EXERCISE AIM: Reproduce the line that holds "Late assignments essay" together with all the lines after it up to the end of the entries.

[DATASET ENTRIES Boundary: Start]

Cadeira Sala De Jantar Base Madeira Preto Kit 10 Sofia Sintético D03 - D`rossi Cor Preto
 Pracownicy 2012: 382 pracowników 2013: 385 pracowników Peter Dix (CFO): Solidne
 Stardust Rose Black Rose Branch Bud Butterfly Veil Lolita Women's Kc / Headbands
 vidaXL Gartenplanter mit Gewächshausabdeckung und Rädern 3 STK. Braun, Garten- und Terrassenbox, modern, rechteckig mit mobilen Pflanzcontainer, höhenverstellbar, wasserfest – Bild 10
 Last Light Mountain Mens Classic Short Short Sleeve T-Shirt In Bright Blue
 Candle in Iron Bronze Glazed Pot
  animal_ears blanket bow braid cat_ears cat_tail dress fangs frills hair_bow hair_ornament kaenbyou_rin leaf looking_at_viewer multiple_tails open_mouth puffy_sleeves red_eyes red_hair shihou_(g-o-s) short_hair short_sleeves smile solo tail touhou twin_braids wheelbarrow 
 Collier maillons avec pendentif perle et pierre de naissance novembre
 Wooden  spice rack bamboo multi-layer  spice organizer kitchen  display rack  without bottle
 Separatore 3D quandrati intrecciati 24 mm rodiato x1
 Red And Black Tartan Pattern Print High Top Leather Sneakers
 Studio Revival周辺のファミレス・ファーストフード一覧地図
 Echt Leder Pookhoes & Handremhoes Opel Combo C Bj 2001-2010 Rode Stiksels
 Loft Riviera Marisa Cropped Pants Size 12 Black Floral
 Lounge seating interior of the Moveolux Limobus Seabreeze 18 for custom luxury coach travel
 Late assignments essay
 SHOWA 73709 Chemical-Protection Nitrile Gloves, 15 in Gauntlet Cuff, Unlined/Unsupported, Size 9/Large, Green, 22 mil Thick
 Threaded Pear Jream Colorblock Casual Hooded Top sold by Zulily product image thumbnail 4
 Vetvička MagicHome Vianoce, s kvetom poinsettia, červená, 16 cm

[DATASET ENTRIES Boundary: End]

WORKED SOLUTION:
 Late assignments essay
 SHOWA 73709 Chemical-Protection Nitrile Gloves, 15 in Gauntlet Cuff, Unlined/Unsupported, Size 9/Large, Green, 22 mil Thick
 Threaded Pear Jream Colorblock Casual Hooded Top sold by Zulily product image thumbnail 4
 Vetvička MagicHome Vianoce, s kvetom poinsettia, červená, 16 cm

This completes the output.